What you will do
Copy out the whole listing exactly as given. Skip the pictures.

Data segment
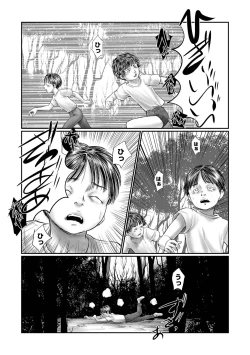 Page 113 of COMIC Mate Legend Vol. 43 2022-02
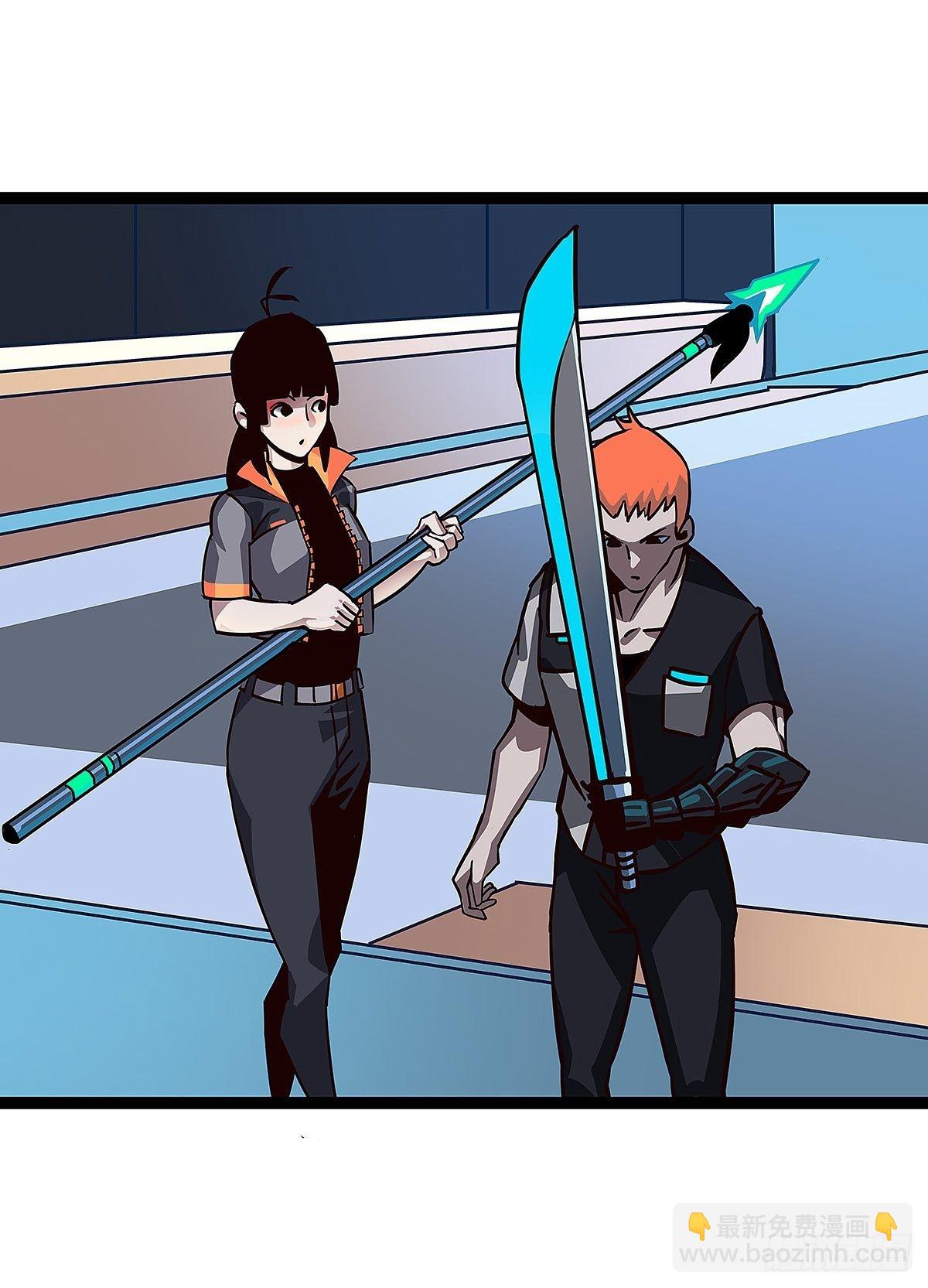 &lsquo;生劲&rsquo;的获取(1/2)-第2话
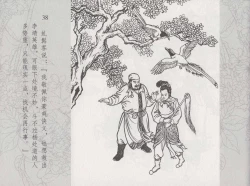 Page 45 of 史上名妓 红拂侠女-张初尘（臧武斌 2014年5月）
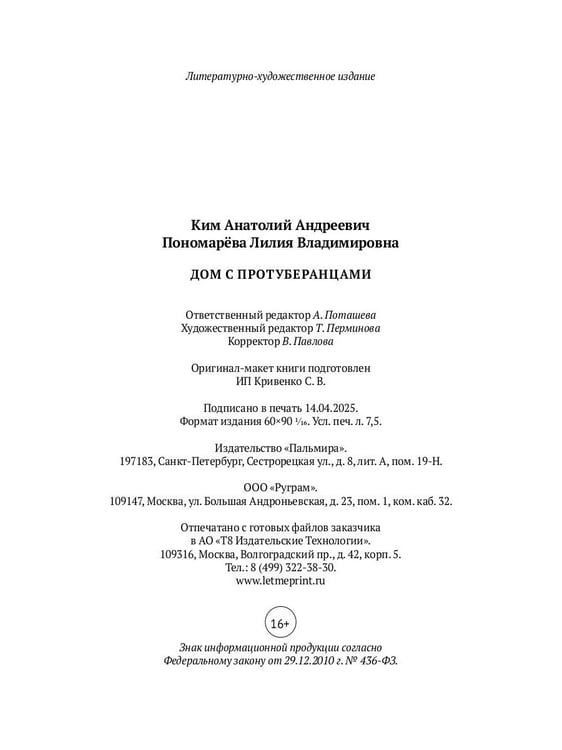 Дополнительное изображение книги «Дом с протуберанцами»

Expected answer
 Page 113 of COMIC Mate Legend Vol. 43 2022-02
 &lsquo;生劲&rsquo;的获取(1/2)-第2话
 Page 45 of 史上名妓 红拂侠女-张初尘（臧武斌 2014年5月）
 Дополнительное изображение книги «Дом с протуберанцами»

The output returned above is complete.